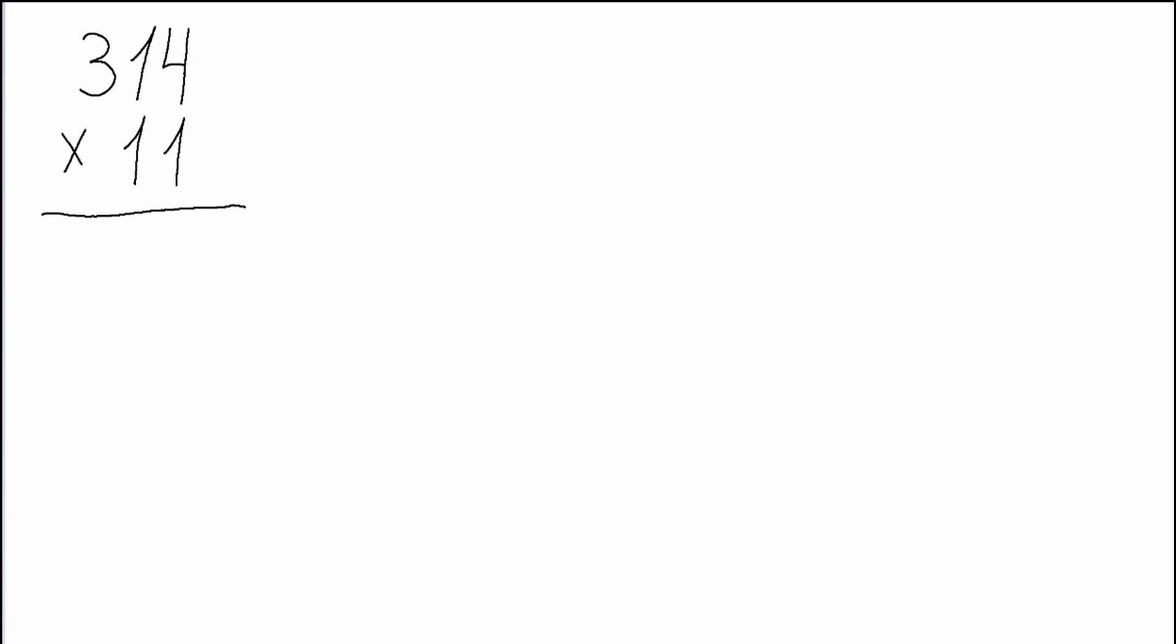Now let me show you the last example of applying this math trick, and here I will show you how it can be applied when multiplying 11 by a triple digit number.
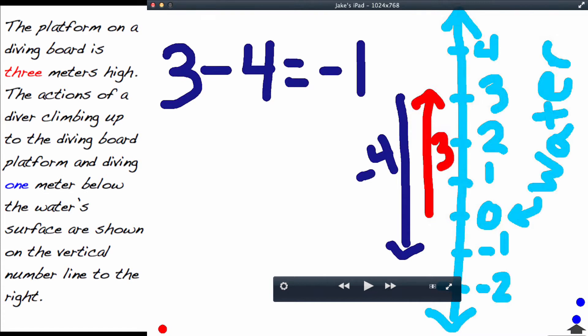We can look at our number line to prove that. The diver climbed up three meters. We don't want to keep going up because he's diving off and going the other direction, which is why it's a subtraction problem and not an addition problem. So when that diver dives off, he goes four meters down to get to that negative one.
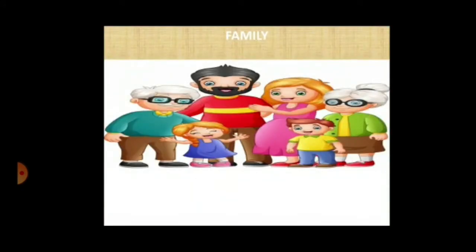What do you understand by family? Family is a set of related people living together in a home. All family members love and care for each other. They help each other in a time of need.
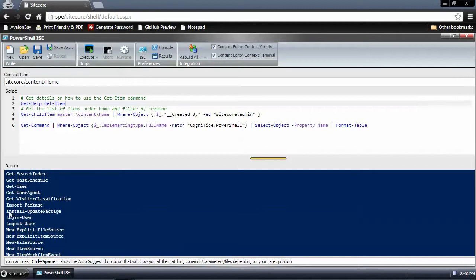If you wanted to install update packages, such as packages generated by TDS, or if you wanted to import a package such as this particular module or any other that you created — for example, if you wanted to back up all the media library from one environment and transfer it into another, then you could run import package and it would import it into the system.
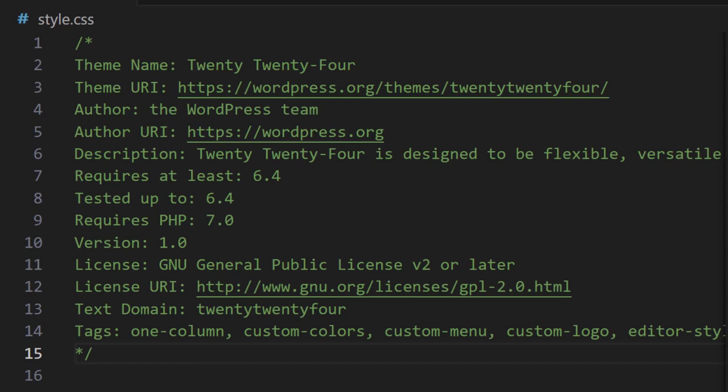Next we have the text domain and this is a string used for translations. So make sure to include this if you plan to translate your theme and make sure that you're using all lowercase letters.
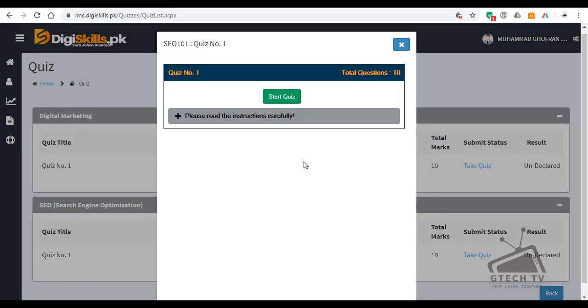Assalamualaikum friends, welcome to the video. Welcome to GTEF TV. Today I am going to solve quiz number 1 for SEO badge number 7. Let's go to the course of quiz.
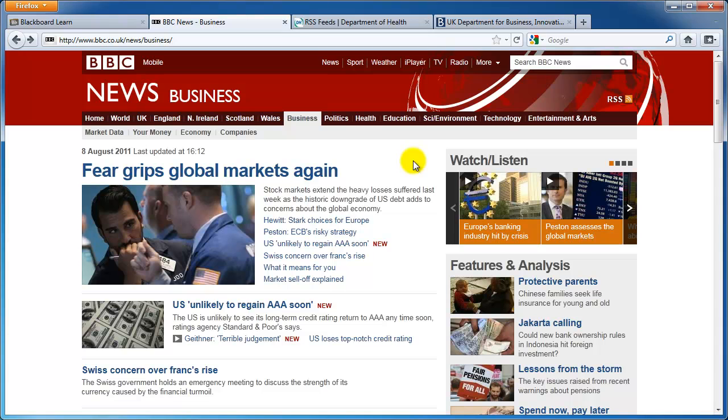First of all, find the RSS icon on the page. Depending on the web browser you're using, it might be shown in the webpage or on the browser toolbar. Either way, the icon should look the same.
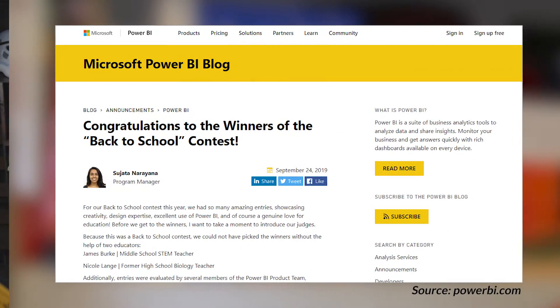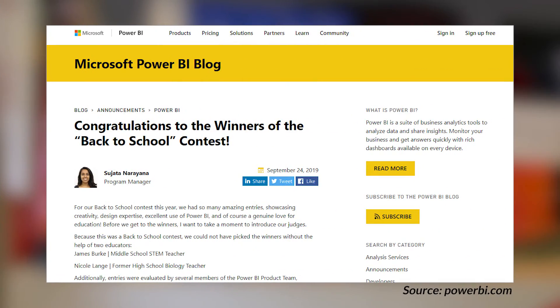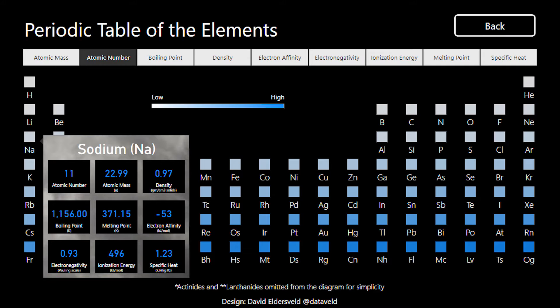The Power BI team hosted a back-to-school contest where you would create a report with some educational value and share it out to be judged. First place went to David Eldersveld, who created a periodic table of elements inside of Power BI, where it's interactive and you can learn about those elements. Hopefully folks going to high school will pick this up and maybe it'll help in chemistry class.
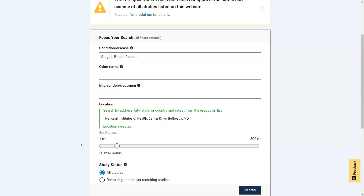Next, the study status is set to All Studies. But in this case, we want to search for studies that are looking for volunteers or will be soon. So we click on Recruiting and Not Yet Recruiting Studies. Now we click the Search button.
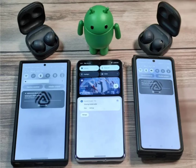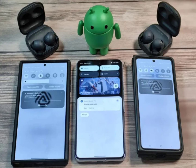AuraCast, on the other hand, is available to any device or platform that licenses the technology from the Bluetooth governing body for Bluetooth standards. While announced in 2022, AuraCast has been slow to be adopted by smartphone manufacturers. However, with Bluetooth LE Audio becoming a standard feature, this is changing.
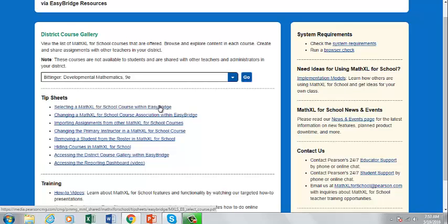The other links on this page offer information about system requirements, product news, implementation ideas, training opportunities, and how to access help for using the product.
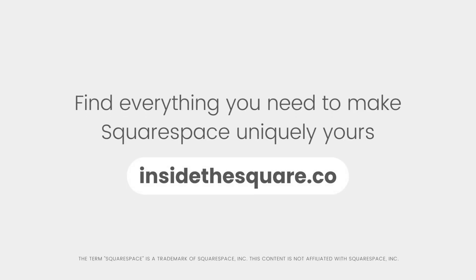Find everything you need to make Squarespace uniquely yours at insidethesquare.co. That's insidethesquare.co.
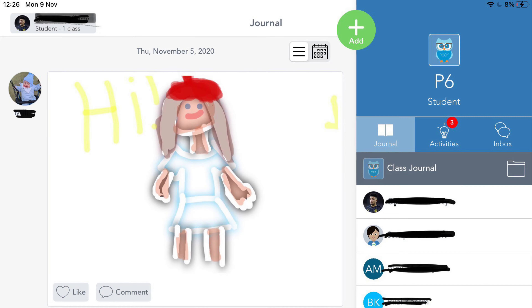Once you have successfully signed in, it will take you to your Seesaw homepage, which will look like this. You can add work, and you can check activities for work that has been set by your teacher.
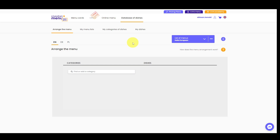You have previously created these dishes and categories. You may also add new dishes and categories on the go during the arranging process by entering the name of the new item in the search field and clicking 'Add'.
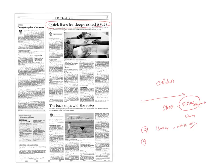The third thing is, black money or unaccounted money is not just stored in cash. It is also stored in gold and real estate. Bringing those sectors under regulation is also very much important.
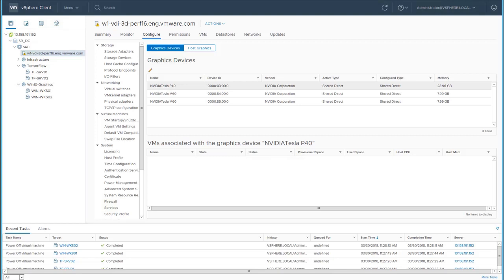Welcome to the VMware vSphere 6.7 feature demonstration. In this video, we will demonstrate the virtualization of GPU capabilities leveraging NVIDIA Grid.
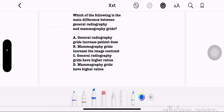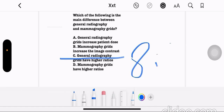Which of the following is the main difference between general radiography and mammography grids? Option A: general radiography grids increase patient dose. Option B: mammography grids increase image contrast. Option C: general radiography grids have higher ratios. Option D: mammography grids have higher ratios. The correct answer is option C — general radiography grids have higher ratios; the ratio is up to 16:1 for general, and 5:1 for mammography.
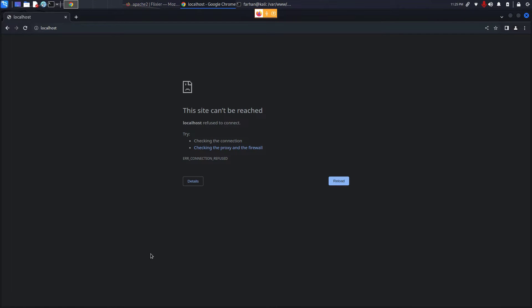Now if you check, you can see that Apache2 web server has stopped. That is how you install and start Apache2 web server in your Kali Linux.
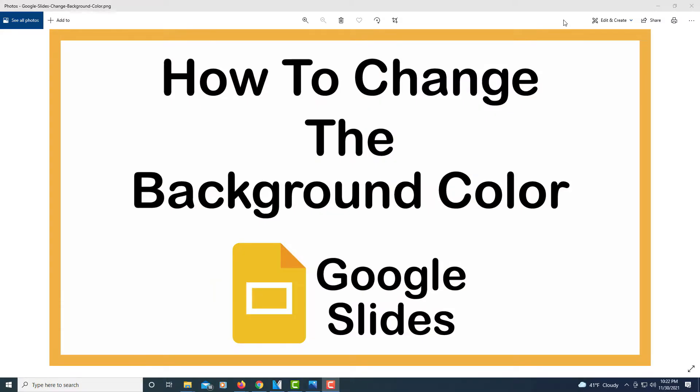This is going to be a video tutorial on how to change the background color in Google Slides. I'll be using a desktop PC to do this.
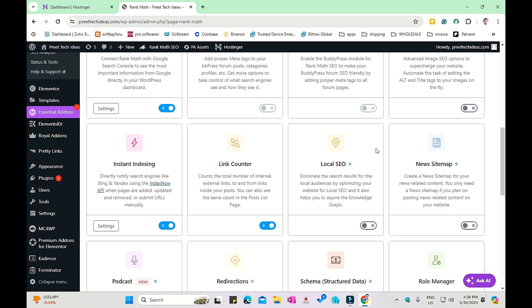Hello guys, welcome back to another video. This is your Breathe. In this video we will learn about instant indexing - what is instant indexing, how you can use it, how to set up, and how it works with all of your website content to index it automatically to the search engines. Let's get started with this video.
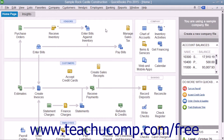You can add up to 7 customized fields to each of the following lists: Customers and Jobs, Vendors, and Employees. You can only create up to 5 customized fields within the item list.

◆ ◆ ◆ ◆

### [Exercise instructions]
Please output the lines above beginning at the line with "The Power BI" and ending after the line with "Welcome to the VMware", precisely as written and with no pictures.

### [Reply to the exercise]
The Power BI team hosted a back-to-school contest where you would create a report with some educational value and share it out to be judged. First place went to David Eldersveld, who created a periodic table of elements inside of Power BI, where it's interactive and you can learn about those elements. Hopefully folks going to high school will pick this up and maybe it'll help in chemistry class.
Next, the study status is set to All Studies. But in this case, we want to search for studies that are looking for volunteers or will be soon. So we click on Recruiting and Not Yet Recruiting Studies. Now we click the Search button.
AuraCast, on the other hand, is available to any device or platform that licenses the technology from the Bluetooth governing body for Bluetooth standards. While announced in 2022, AuraCast has been slow to be adopted by smartphone manufacturers. However, with Bluetooth LE Audio becoming a standard feature, this is changing.
The other links on this page offer information about system requirements, product news, implementation ideas, training opportunities, and how to access help for using the product.
Find everything you need to make Squarespace uniquely yours at insidethesquare.co. That's insidethesquare.co.
Once you have successfully signed in, it will take you to your Seesaw homepage, which will look like this. You can add work, and you can check activities for work that has been set by your teacher.
You have previously created these dishes and categories. You may also add new dishes and categories on the go during the arranging process by entering the name of the new item in the search field and clicking 'Add'.
The third thing is, black money or unaccounted money is not just stored in cash. It is also stored in gold and real estate. Bringing those sectors under regulation is also very much important.
Welcome to the VMware vSphere 6.7 feature demonstration. In this video, we will demonstrate the virtualization of GPU capabilities leveraging NVIDIA Grid.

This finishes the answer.